Posted by kdawson on from the shuffling-the-wormholes dept.

.mack notes a ZDNet blog outlining some of the security features added to OSX Leopard (10.5). Here's Apple's brief description of all 11 new security features. "Apple has announced plans to add code-scrambling diversity to Mac OS X Leopard, a move aimed at making the operating system more resilient to virus and worm attacks. The security technology, known as ASLR (address space layout randomization), randomly arranges the positions of key data areas to prevent malware authors from predicting target addresses.

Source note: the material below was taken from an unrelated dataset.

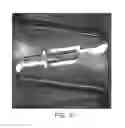 Fig. 71 - Uncaging stent
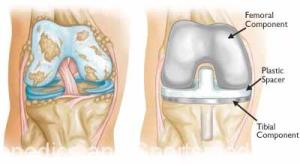 (Left) Severe osteoarthritis. (Right) The arthritic cartilage and underlying bone has been removed and resurfaced with metal implants on the femur and tibia. A plastic spacer has been placed in between the implants. The patellar component is not shown for clarity.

Another new feature coming in Leopard is Sandboxing (systrace), which limits an application's access to the system by enforcing access policies for system calls."

11 of 311 comments (clear)

  1. Cool, but even better... by Just+Some+Guy · · Score: 5, Interesting

    From the changelog:

    CalDAV Group Scheduling
    Schedule a meeting with colleagues, check availability, and book conference rooms when using iCal with a compatible CalDAV server like iCal Server.

    Reserve Rooms and Equipment
    Reserve meeting rooms and equipment as you create your meeting invitations. If your calendar is administered through a CalDAV server, iCal automatically displays availabilities when you add a room or resource to your meeting.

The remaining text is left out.